Problem requirements
Word for word, give again the lines of the material below, from the one holding "Блефаропластика: як позбутися" to the last, with nothing added.
Segment Start: Material to process
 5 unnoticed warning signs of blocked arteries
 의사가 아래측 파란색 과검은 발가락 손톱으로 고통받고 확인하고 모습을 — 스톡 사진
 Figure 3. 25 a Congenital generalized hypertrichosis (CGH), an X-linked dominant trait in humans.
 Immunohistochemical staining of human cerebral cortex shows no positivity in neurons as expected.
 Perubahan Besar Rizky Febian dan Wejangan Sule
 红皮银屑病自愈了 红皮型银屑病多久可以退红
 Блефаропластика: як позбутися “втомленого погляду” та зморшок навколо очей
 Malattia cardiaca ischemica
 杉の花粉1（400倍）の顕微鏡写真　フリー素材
Segment End: Material to process
Solution for this task
 Блефаропластика: як позбутися “втомленого погляду” та зморшок навколо очей
 Malattia cardiaca ischemica
 杉の花粉1（400倍）の顕微鏡写真　フリー素材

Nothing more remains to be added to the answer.